From 1718 to 1720, the Dutch once again did not respond, assuming that the situation would mirror that of 1717, with the three warships keeping the Algerians in check. However, this proved far from the truth, as during this period, 25 ships were captured in the Mediterranean. (Note: This was not by only Algerians, these were the ones captured in total in the Mediterranean, including Moroccan, and other pirates.) On October 21, 1720, the Dutch consul in Livorno penned a letter to the States General, detailing the alarming situation with the Algerians, who were increasingly seizing ships. He implored the States General to institute new measures in response. Following this, the States General deliberated on the matter, and the provinces of Holland and Zeeland adopted a more assertive stance against the Algerians. On January 21, when news of new attacks on Dutch ships reached the States General, they upgraded the Mediterranean fleet with eight warships under Vice-Admiral François van Aerssen. However, due to some problems, he could only set sail in May. The formidable presence of this fleet had a pacifying effect on the Algerians, and there were even rumors in Algiers about a potential "Dutch invasion." In 1721, the Dutch experienced another disastrous year as 196 Dutch seamen and nine ships were captured by Algerians.During this, the Dutch managed to capture only 50 Algerians along with six ships in return. This was attributed to a disadvantage in speed, as the Dutch ships were slower than the Algerian ones.

In 1723, the Dutch escalated their war efforts by deploying a significantly faster ship under the command of Cornelis Schrijver. After Cornelis, and Van Aerssen held 3 renowned Algerian captains hostage the Dey had sent them invitation to negotiate peace. The negotiations lasted for two days; however, they proved fruitless. Cornelis and the States General felt greatly disappointed. Following this, they resumed their patrols. In 1725, they successfully captured two Algerian ships with 62 sailors, managing to repel and damage a significant number of Algerian vessels. However, they suffered a great loss of ten ships along with 76 sailors. Desperate to end Algerian attacks on Dutch ships, the Dutch negotiated an alliance with Britain and France. According to the agreement, Britain would assist if peace wasn't achieved within a year, and both France and Britain would close their ports to Algerian ships. In return, the Dutch would join the Alliance of Hanover. This arrangement gained approval from the Dutch and British authorities.
Concurrently, the Dutch imposed a blockade on the Strait of Gibraltar, significantly impacting Algerian interests. Adding to the challenges for the Algerians, the Dutch experienced their most successful year in the war, destroying three fully-equipped Algerian battleships, while the Algerians captured only five small merchant ships with a limited number of sailors. This marked a significant shift in naval successes in favor of the Dutch.

==Aftermath==
On September 25, 1726, Van Aerssen arrived before Algiers with eight warships. Accompanied by four companions, he approached the Dey and proposed the renewal of the peace agreement from 1712. Although the Algerians eventually accepted, they expressed skepticism, stating, "The whole navy feels like this peace will not last." As a gesture of goodwill, Van Aerssen presented a substantial gift worth 100,000 guilders, which was also utilized for the ransom of captives. The treaty was favorable to the Dutch, and following this war, Dutch trade in the Mediterranean surged again, benefiting from the peace, and Britain's conflict with Spain, the Dutch refrained from competing with Britain again after 1729. This peace proved to be enduring, marking the longest period of harmony between the Dutch and Algerians.

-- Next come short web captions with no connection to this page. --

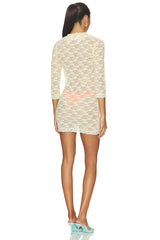 3/4 Sleeve Lace Dress
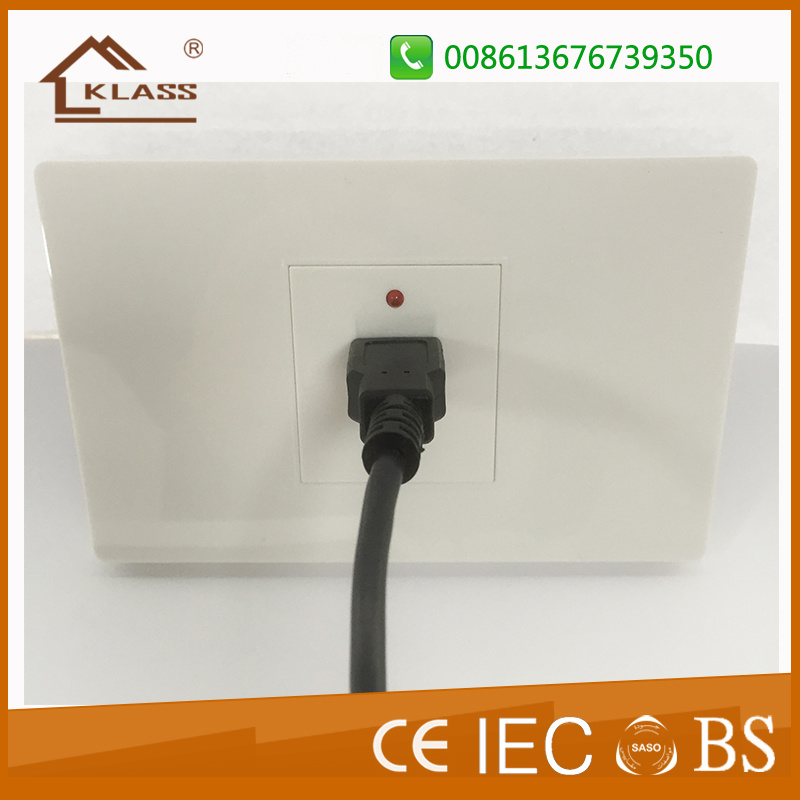 High Quality USB Socket Outlet with Ce Certificate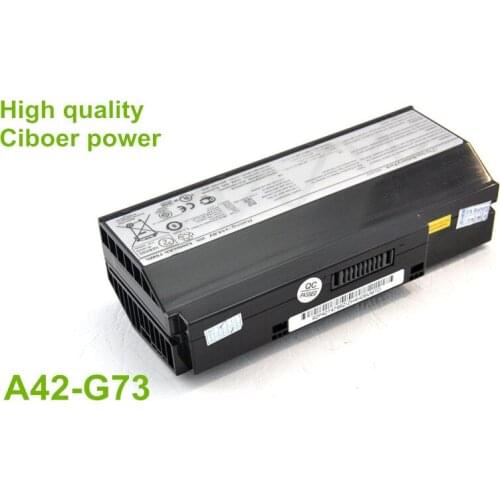 14.6V 75Wh Original A42-G73 battery for G73 G73J G73jh G53 series laptop A42-G73 bateria Free shipping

The war had cost several million guilders, so its end brought relief for the Dutch. After the peace agreement, the Dutch would no longer be enslaved by the Algerians, and those who were previously enslaved would be bought back by the Dutch who would pay a bargain. The Dutch also continued paying tribute. In the Dutch Republic, the populace was delighted with the peace, as it damaged Dutch trade in the Mediterranean. The States General of the Netherlands expressed satisfaction with the peace and complimented Van Aerssen for his excellent work. They even delivered a public speech lauding Van Aerssen for his efforts.